Carmakers rail against steel, aluminum and import tariffs


Washington — Groups that lobby for carmakers and auto parts suppliers railed on Thursday against the Trump administration's decision to slap tariffs on foreign steel and aluminum, and his threats to impose levies on imported cars.
Carmakers are disappointed the Trump administration did not lift tariffs on imported steel and aluminum during talks that resulted in the proposed replacement for the North American Free Trade Agreement. Speaking at a public comment hearing the U.S. Mexico Canada Agreement, Jennifer Thomas, vice president of federal government affairs for the Alliance of Automobile Manufacturers, which lobbies for major domestic and foreign-owned carmakers, was blunt.

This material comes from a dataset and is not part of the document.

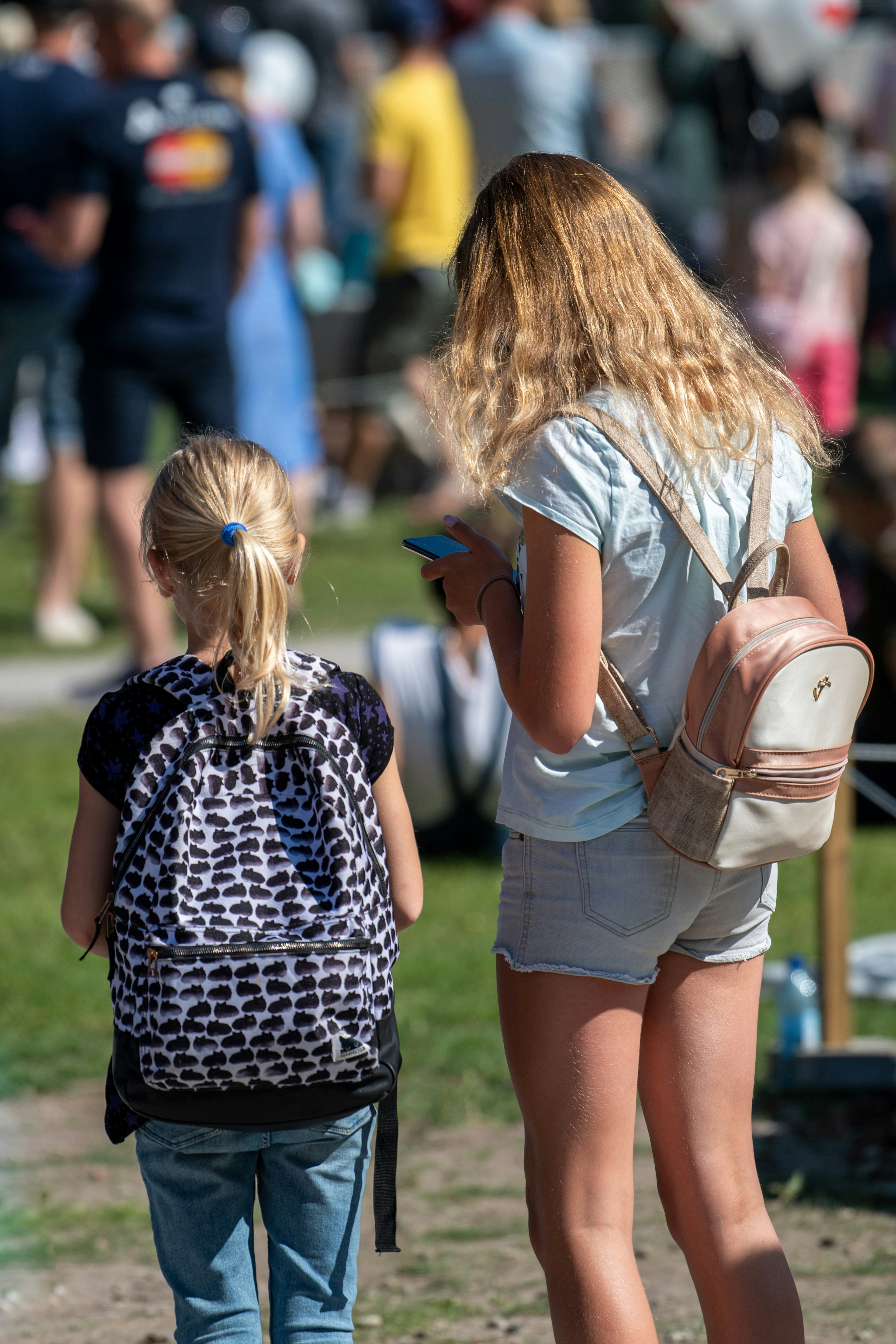 Two girls with backpacks in a crowd.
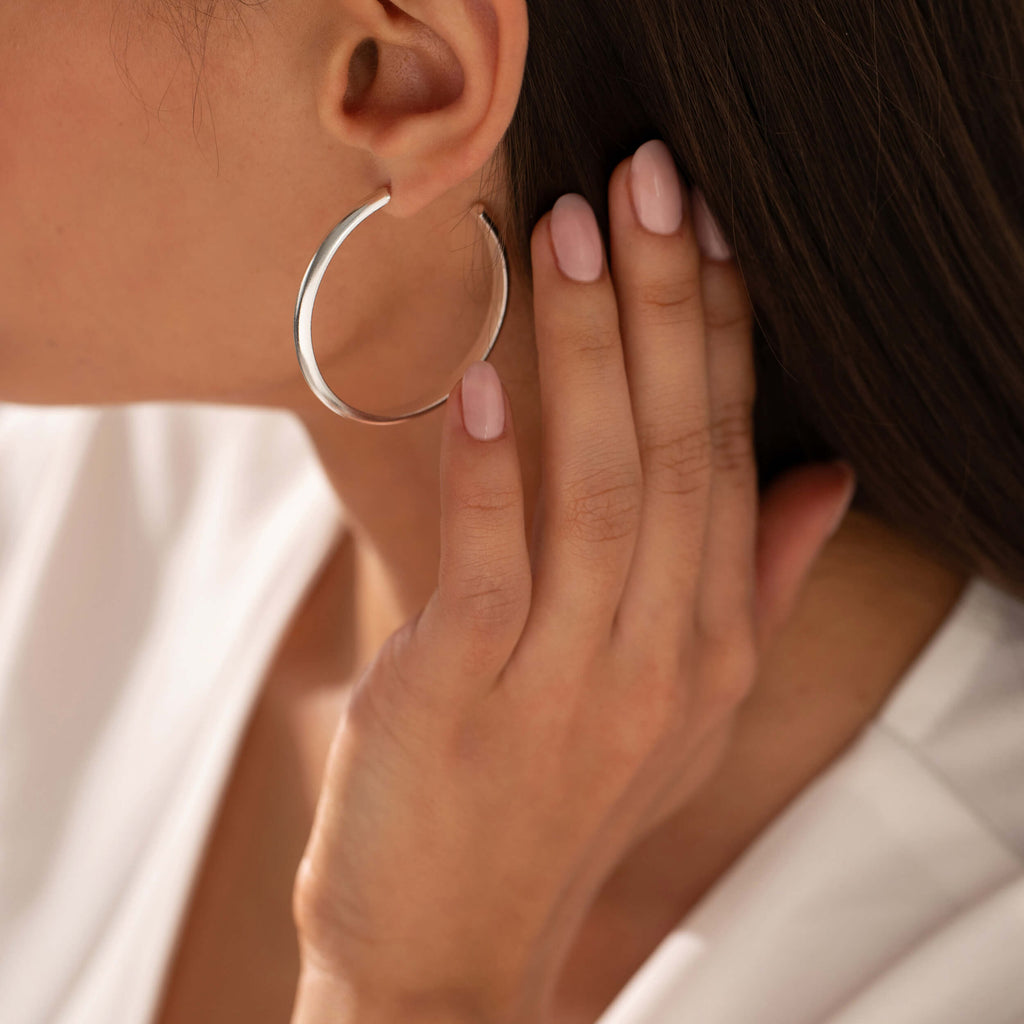 eleanor jewellery design, chunky large hoops, solid silver hoops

"The success of both the new USMCA and our nation’s auto sector continue to be undermined by these tariffs," Thomas said. "Over the past year, automakers have witnessed a more than 30 percent increase in domestic steel prices. These steep and unexpected increases in the price of key manufacturing inputs are driving up production costs for all U.S. automakers, threatening our industry’s competitiveness in the global market."
Thomas noted "several automakers have recently lowered their full-year earnings outlooks due to the increased costs of steel and aluminum." She urged the administration to eliminate the steel and aluminum tariffs prior to the signing of the USMCA.
"This would provide industry much-needed certainty and maintain the region’s competitiveness in the global marketplace," Thomas said.
Thomas offered tepid support for the USMCA, saying the new agreement "preserves the integrated regional automotive supply chain established throughout North America and has the potential to maintain the competitiveness of the U.S. based auto industry."
She noted provisions in the new agreement that call for increasing from 62.5 percent to 75 percent the percentage of a car's parts that have to come from the U.S., Canada or Mexico to qualify for duty-free treatment "will likely increase compliance costs and the administrative burden across the entire industry, although the extent will vary among individual companies."
John Bozzella, CEO of the Association of Global Automakers that represents foreign-based manufacturers, said the auto industry was led to believe the steel and aluminum tariffs that were imposed on Canada and Mexico were going to be removed as part of the negotiations that produced the new trade agreement.
"The fact that they have not yet been removed, and that there is no clear indication if or when they will be – despite new requirements for U.S. automakers regarding purchases of these metals from North American-based mills – is highly disappointing, damaging to the industry and contrary to spirit of these negotiations," Bozzella said. "These tariffs are today raising costs for every automaker in the United States and, we believe, should be removed immediately."
The Trump administration has floated the possibility of placing a 25 percent tariff on imported vehicles, using the same federal law — Section 232 of the Trade Expansion Act of 1962 — that allowed him to place levies on foreign steel and aluminum under the guise of protecting the country from a national security threat.
Bozzella said Thursday: "The threat of additional tariffs on autos and auto parts under the Section 232 investigation that Commerce is conducting hangs like a sword over our industry and complicates any assessment of the USMCA.
"In our view, there is no credible justification for the idea that automotive imports threaten our national security — in fact, the growth of international automakers in the United States during the past quarter century proves otherwise," he said.
In addition to calling for increasing the percentage of a car's parts that have to come from the U.S., Canada or Mexico to qualify for duty-free treatment, the USMCA also requires that 40-45 percent of an auto's content be made by workers earning at least $16 per hour.
It contains provisions to protect up to 2.6 million cars and $32.4 billion worth of parts imported from Canada and Mexico from tariffs on imported vehicles that are being considered separately by the Trump administration. Vehicles not meeting the requirements would be subject to a 2.5 percent duty.
U.S. Rep. Sander Levin, D-Royal Oak, said the Trump administration's proposed replacement for NAFTA does not do enough to ensure that efforts to boost Mexican wages are going to be effective. He said projections for wages in Mexico have fallen short of predictions that NAFTA would cause average wages there to climb as much as 16 percent.
"These predictions missed the mark substantially because there was a failure to fully account for the pervasiveness of Mexico's industrial policy to attract capital by keeping wages at rock-bottom levels through a lack of labor rights," he said. "Instead of converging wages upwards, the trade agreement created the NAFTA paradox: Mexican workers produced more and earned less."
Levin, who is retiring at the end of the year, cast doubt on whether the Trump administration will be able to win support from the new Democratic majority in the U.S. House of Representatives without major changes to Mexican wage provisions.
"It is my belief," he said, "that without the development of such policy that effectively rectifies the basic flaw in and the major source of controversy over NAFTA 25 years ago, the USMCA will not receive strong support among the new House Democratic majority."